Die melodramatische Kombi aus gebethaftem Klang und leidenschaftlicher Rede ließ dieser wiederum einen suggestiven Predigtton mit einer unangenehmen Portion Selbstgerechtigkeit zuwachsen. Denn gerade vor dem Hintergrund des steilen Anspruchs tut sich ein unabweisbarer Grundwiderspruch auf: Ein klimagerechtes Beethovenfest wäre in letzter Konsequenz eines, das nicht mehr stattfindet – schließlich kommen weder die internationalen Künstler noch die Gäste überwiegend mit dem Fahrrad nach Bonn. So gesehen, waren vielleicht die vereinzelten Protestrufe am Ende sogar „ehrlicher“ als die wohlfeilen Beifallsbekundungen der Mehrheit.

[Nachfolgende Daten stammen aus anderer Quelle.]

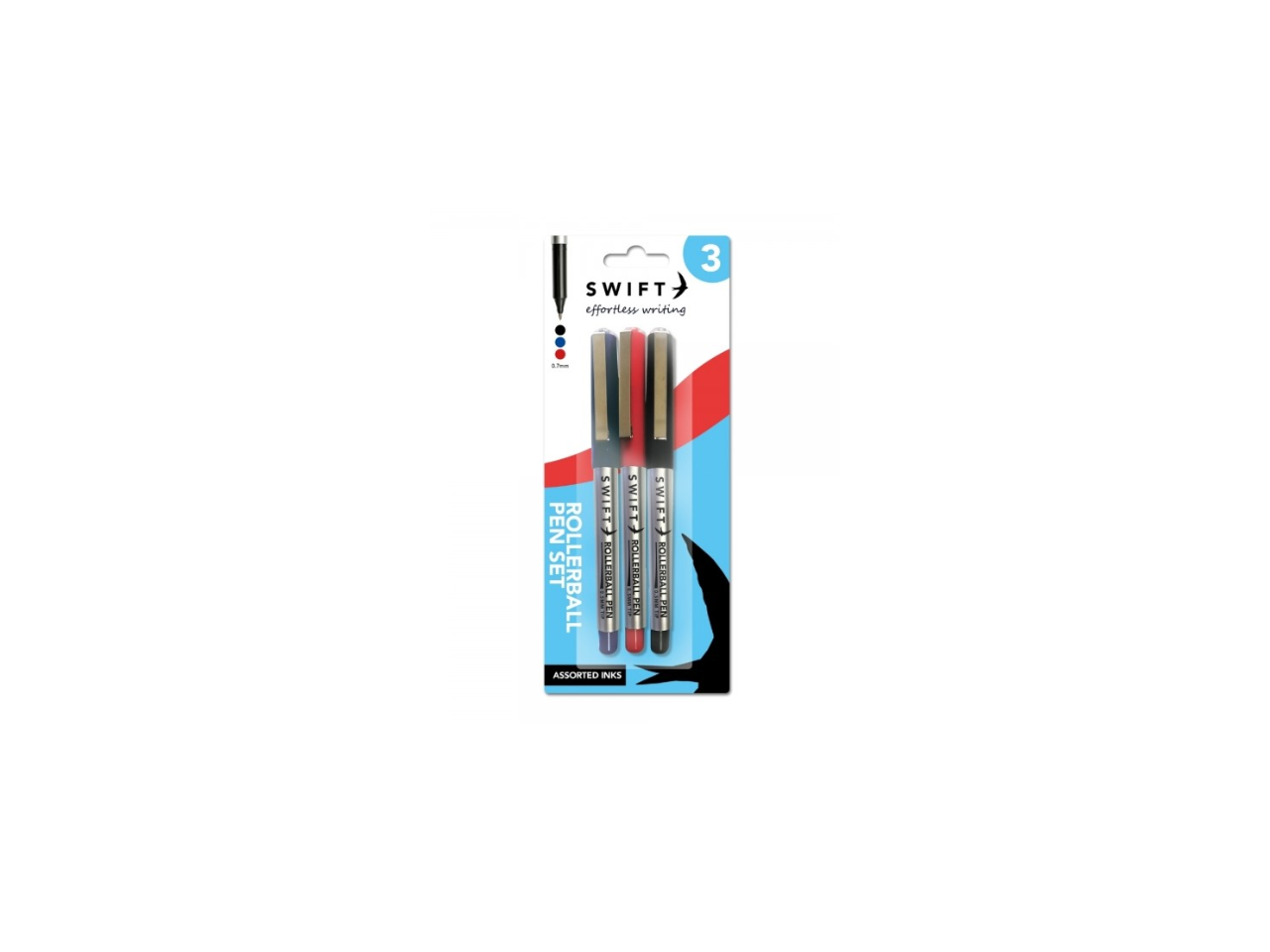 Rollerball Pen Set of 3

„Miteinander“ ist das Motto des diesjährigen Festes, und damit macht es im Rahmen seiner Möglichkeiten tatsächlich ernst. Dazu gehört zum einen die Sprengung des hermetischen Klassik-Kanons: Das Eröffnungskonzert begann mit einem Auftritt der elfköpfigen Hamburger Techno-Marching-Band „Meute“, die Techno-, House- und Deep-House-Werke von bekannten DJs neu arrangiert und die elektronischen Beats mit den Instrumenten einer Blaskapelle umsetzt.

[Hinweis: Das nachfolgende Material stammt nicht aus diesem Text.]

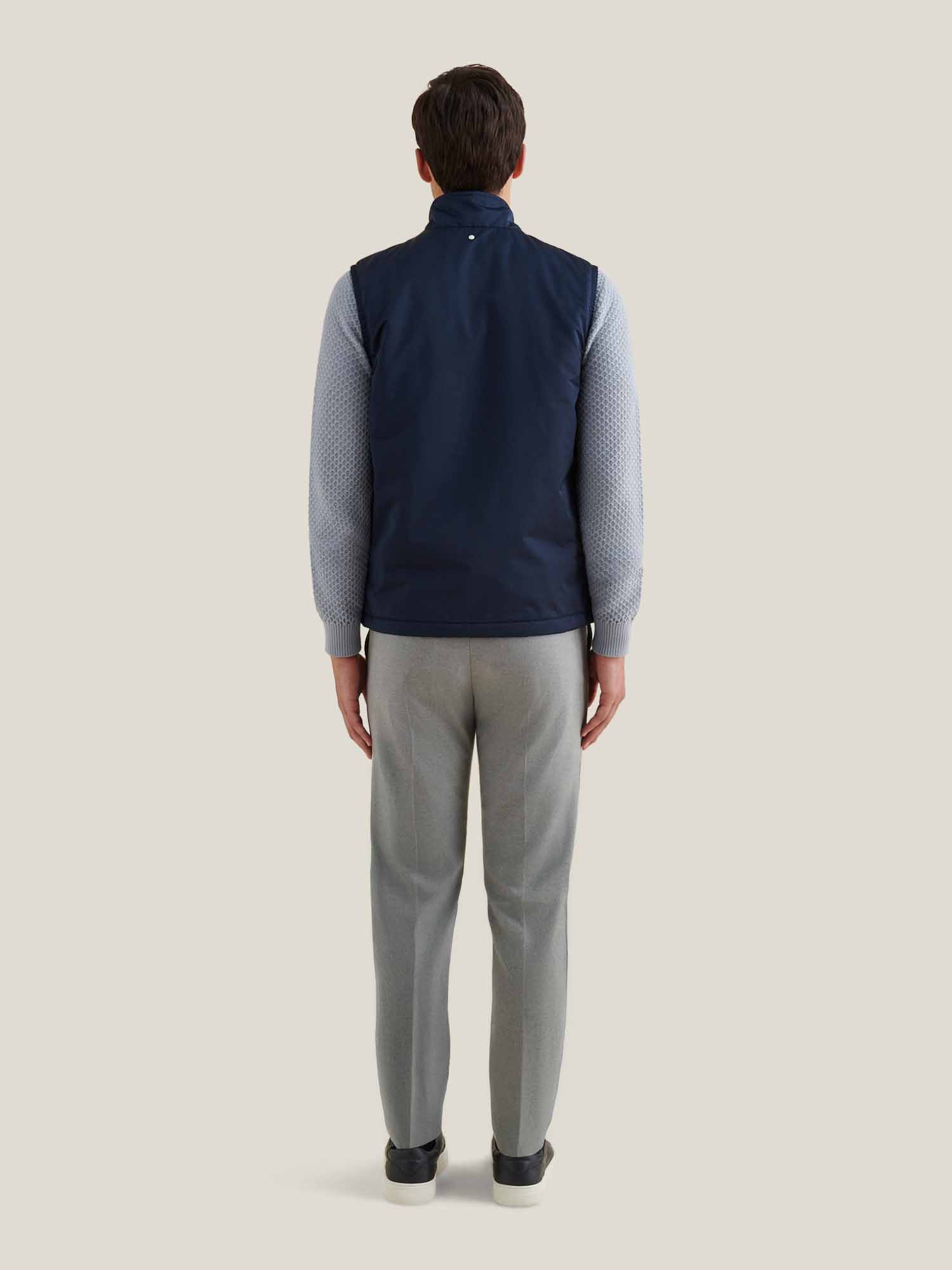 Peckham Rye Light Padded Dark Sapphire Navy Gilet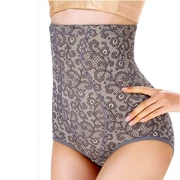 Yugui siêu cao eo định hình quần phụ nữ sau sinh bụng bụng quần hông cơ thể quần thoáng khí ràng buộc đồ lót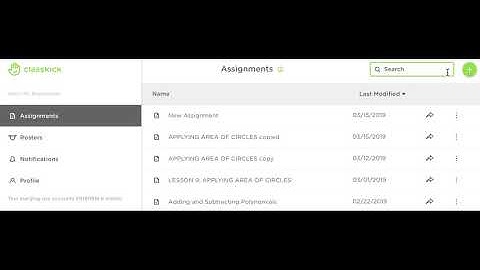 Classkick - How to copy assignments from library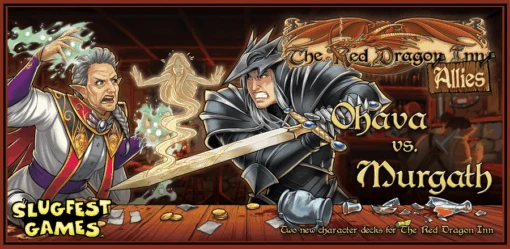 The Red Dragon Inn: Allies - Ohava Vs. Murgath -Bordspellen Winkel 987601185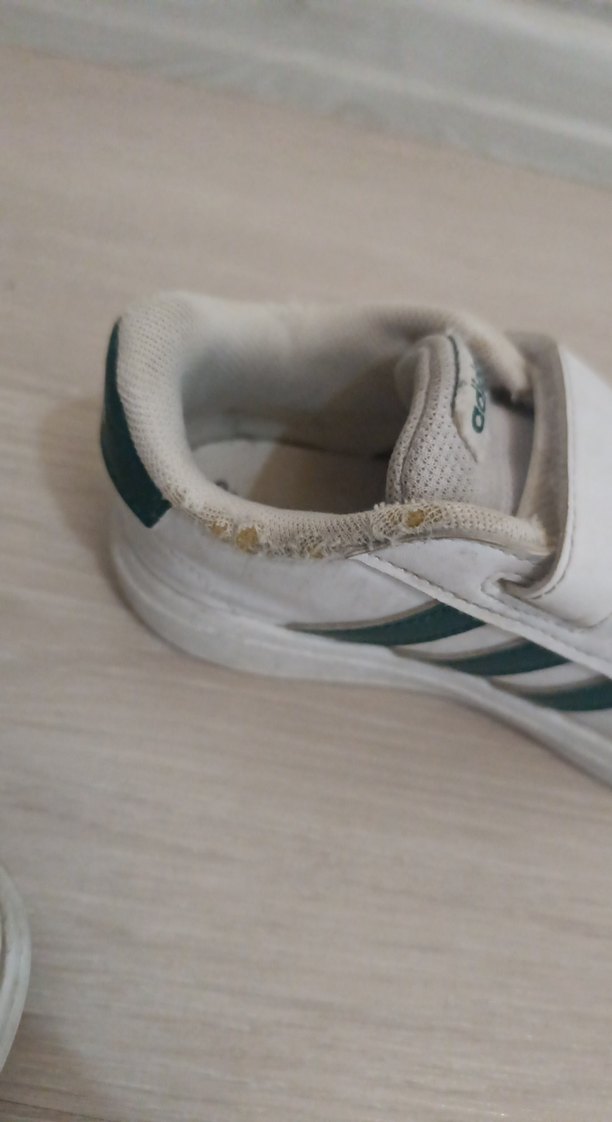 Erkek Çocuk Beyaz Spor Ayakkabı - Görsel 3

Sanierungskatastrophen wie ihr Opernhaus gibt es auch rheinaufwärts
Zum anderen verwirklicht sich der inklusive Anspruch dadurch, dass das Beethovenfest offensiv in die Lebenswelt der Stadt hineingeht und auch dort jene anzusprechen versucht, die mit klassischer Musik von Haus aus nichts am Hut haben. So fand das Konzert im Opernhaus zeitgleich, aber in umgekehrter Reihenfolge auch auf dem Münsterplatz statt – dort als Open Air bei freiem Eintritt.
Hinein in die Stadt – diese Devise signalisiert freilich auch eine Flucht nach vorne angesichts der beschränkten Raumoptionen. Keine Frage: Erneut darf der Verzicht auf das atmosphärisch tote World Conference Center als Event-Ort eine eklatante Verbesserung genannt werden. Aber es bleibt das Desiderat eines großen zentralen Veranstaltungsortes – welcher die Beethovenhalle auf Jahre hinaus nicht sein wird. Für Kölner ist das irgendwie tröstlich: Sanierungskatastrophen wie ihr Opernhaus gibt es auch rheinaufwärts.

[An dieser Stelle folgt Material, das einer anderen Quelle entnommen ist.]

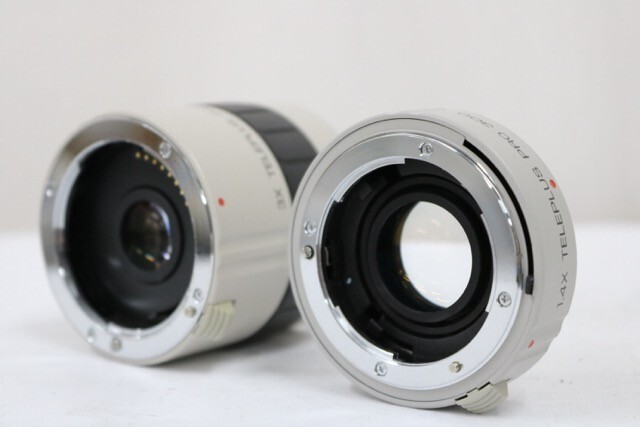 【返品保証】 【2点まとめ売り】ケンコー TELEPLUS PRO300 MX-AF 3x N-AFs 1.4x マウントアダプター e9411
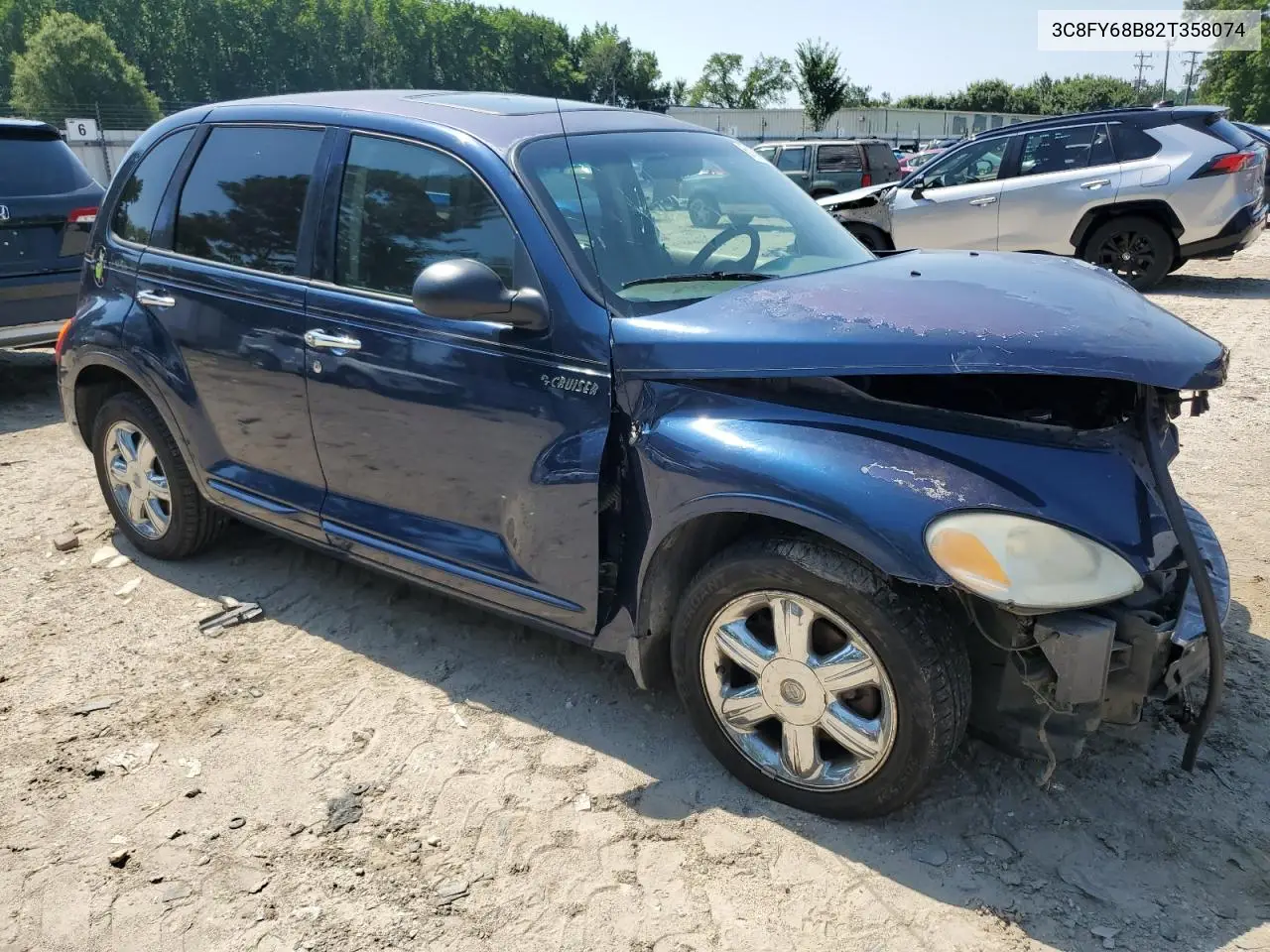 2022 Chrysler Pt Cruiser Limited VIN: 3C8FY68B82T358074 Lot: 61899855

Fortgesetzt wurde die Tradition hochkarätiger Start-Vorträge zum Festivalmotto in der Kreuzkirche. Diesmal sprach der Bonner Philosoph Marcus Gabriel in 45-minütiger freier Rede über das „Miteinander“ als zentraler Wert der liberalen Demokratie. Im Nachgang zu Schiller und Moses Mendelssohn entwickelte Gabriel darin den Gedanken Freiheit in der Kunst gleichsam als Vorschein und Symbol politischer Freiheit.
Erschien freilich die Brücke zwischen Kunst und liberaler Demokratie doch etwas brüchig, so entbehrte der Gedanke der essenziellen Bedeutung, die ein kommunikatives Miteinander für eine demokratische Gesellschaft hat, der Originalität. Individualisierung durch Vergesellschaftung – es ist dies eine Idee, die Jürgen Habermas schon vor langer Zeit ausführlich entwickelt und begründet hat. Das ist halt ein Problem bei solchen Vorträgen: Klopft man sie auf ihre harte argumentative Substanz ab, zerbröseln sie einem wie Sand zwischen den Fingern.